Неодобрительно шелестела старая ива. Вода спешила спрятаться под корнями, мочила зеленые космы ветвей. Но мы — не вода. Ива — слишком мало.
…дальше.
Лес все же снизошел до ответа.
…иди. Не обману.
Поверить и… я в любом случае спастись успею. А Оден?
…а выбор?
В этом есть толика правды. Либо идти вдоль ручья, надеясь на удачу, либо поверить лесу. Из двух зол выбираю меньшее. И лес протягивает-таки руку помощи. Нам туда, где, натянутая до предела, дрожит, но не рвется нить жизни. Старая ель со сломанной верхушкой умирала давно. Она была слишком упряма, чтобы просто поддаться ветру, но слишком слаба, чтобы устоять. И буря почти вырвала ее, опрокинув набок, но не сумела вытащить бурые корни. Бросила, наигравшись, а ель кое-как приспособилась.
— Осторожно. — Мне пришлось замедлить шаг. — Здесь яма.
Под корнями, под зелеными, с желтой проседью, лапами ели. Толстый слой игл укрывает ее дно, а на стенках прорастают волчьи грибы.
— Забирайся.
— Ты?
— Скоро вернусь.
Собаки мне не страшны. Хуже, если с ними люди, поэтому надо успеть первой.
Я возвращаюсь на берег и, перебравшись на ту сторону, иду вверх по течению. Пятьдесят шагов, затем вновь переправа по воде — и те же пятьдесят шагов вниз. Переправа.
Невидимый след отпечатывается на земле четко, и я, закрыв глаза, вижу его. Остается немного расширить. Взять за края и потянуть, представляя, как истончается нить. Осторожней, Эйо, не разорви, времени на вторую попытку не будет.
Нить упругая.
Ноет, вибрирует, норовит выскользнуть из рук и слиться с землей. Но я тащу, чувствуя, как уходят силы. Их у меня немного…
Еще тоньше. Еще легче… подбросить… мама так блинчики жарила, подбрасывая на сковородке.
Смеялась еще.
Улыбка получается натужной, но я все равно улыбаюсь.
А мироздание соизволяет пойти навстречу. Петля следа кувыркается, путается, разрастаясь клубком нитей, и, многажды отраженная водяной гладью, падает, чтобы сродниться с землей.
Вовремя.
Лай близко, но в нем больше нет уверенности, тот прежний след гончие потеряли — невиданное дело! И мечутся, растерянные, злые.
Я отхожу, стараясь не наступить на собственные нити.
Серый кобель вылетает на берег, вертится, словно пытаясь поймать собственную тень. Из пасти падают клочья пены. Бока ходуном ходят. И костистый хвост мотается из стороны в сторону так, словно вот-вот оторвется.
Гончак, кажется, на пределе.
Я замираю. Собаки плохо видят, и если не шевелиться… Он все-таки останавливается, припадает к воде, жадно лакая. Розовый язык мелькает в пасти, и брызги оседают на коротких черных усах.

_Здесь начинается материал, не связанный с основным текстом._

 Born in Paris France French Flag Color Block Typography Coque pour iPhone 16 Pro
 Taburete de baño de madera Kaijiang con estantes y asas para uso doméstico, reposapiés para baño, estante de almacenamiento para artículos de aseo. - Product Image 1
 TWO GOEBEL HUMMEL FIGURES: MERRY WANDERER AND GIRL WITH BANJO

Но вот гончак напился, и крупный нос его пришел в движение.
Ну же! У меня должно получиться… хотя бы раз в жизни у меня должно получиться. И он цепляется-таки за нить. Разом исчезают неуверенность и усталость, кобель вытягивается в струну и подает голос. Стая отвечает… значит, скоро выйдут. И уйдут, пытаясь распутать клубок ложного следа.
Будут бежать, чуя близость добычи, пока не лягут от усталости.
Или пока тому, кто выпустил собак, не надоест носиться по лесу.
Я вернулась к ели, понимая, что сегодня не смогу сделать и шага. Наверное, еще немного, и я бы рухнула на дно ямы, но Оден поймал.
— Собаки нас не найдут…
Если, конечно, среди охотников нет альва, который с легкостью разорвет мое плетение. А по его остаткам и меня обнаружит. Но будем верить в лучшее.